Bangladeshi court officer (1881–1975)

Sheikh Lutfur Rahman (শেখ লুৎফর রহমান; 1881 – 30 March 1975) was a Bangladeshi serestadar, an officer responsible for record-keeping at the Gopalganj civil court in British India. His son Sheikh Mujibur Rahman was the first president of Bangladesh. Lutfar was also the paternal grandfather of Sheikh Hasina.

== Early life ==
Rahman was born in 1881 to the Bengali Muslim into the Sheikh family of Tungipara village in Gopalganj, Faridpur district, Bengal Presidency.

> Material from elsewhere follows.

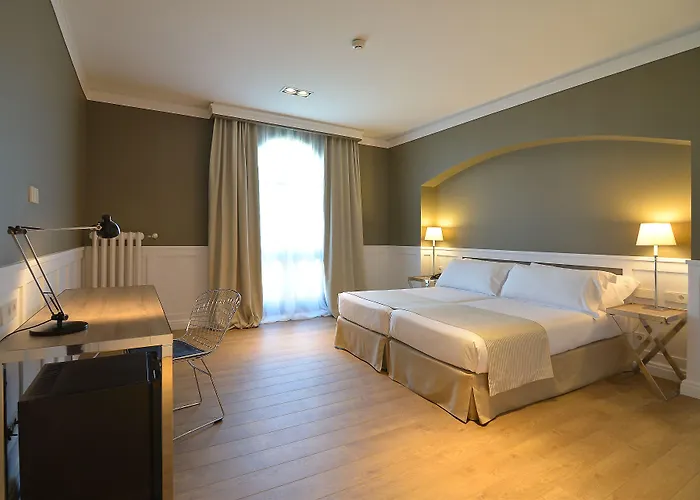 Szálloda Granvia 3*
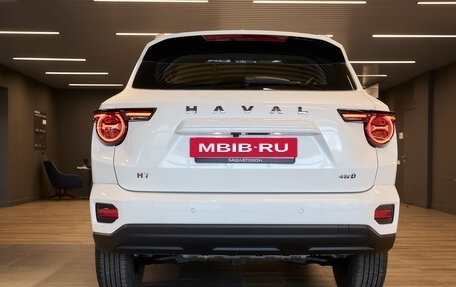 Haval H7, 2026 год, 4 199 000 рублей, 6 фотография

Lutfar Rahman was married to his paternal first-cousin Sayera Khatun, the daughter of his father's brother Sheikh Abdul Majid. He left home to find a job and worked in the Dewani court, today Gopalganj civil court.

== 1971 Liberation War ==
During the Bangladesh Liberation War, Lutfar Rahman and his wife Sheikh Sayera Khatun, along with the family of Sheikh Mujibur Rahman were put under arrest by the Pakistan Army. Initially, Lutfar Rahman and his wife were in Khulna at their younger son Naser's house in Khulna, but was later sent away to their ancestral home in Gopalganj. On 8 April 1971, the Pakistan Army looted ornaments and other valuables from the house and later bulldozed and set fire to it. The soldiers also shot dead four relatives and two servants of the household. The elderly couple were rendered homeless until the local Awami League activists built them a temporary shed which was also destroyed by the Pakistan Army after 20 days. They were then sent away to Dhaka where they were put under arrest with their elder son's family.

== Death and legacy ==
Rahman died on 30 March 1975. He was buried in Tungipara, Gopalganj district, Bangladesh. Sheikh Lutfar Rahman Bridge over Madhumati River connecting Gopalganj-Pirojpur Highway. The foundation stone of the bridge was laid on 23 December 2000 by Sheikh Hasina. The construction was stopped in 2001 by the 4-party government. The construction work resumed in 2009 when Bangladesh Awami League returned to power in 2009. The bridge was inaugurated in January 2015 by Sheikh Hasina. Sheikh Lutfar Rahman Adarsha Government College is a government college in Kotalipara, Gopalganj.

== Popular culture ==
Actor Chanchal Chowdhury portrayed Rahman in the biopic Mujib: The Making of a Nation (2023), directed by Shyam Benegal.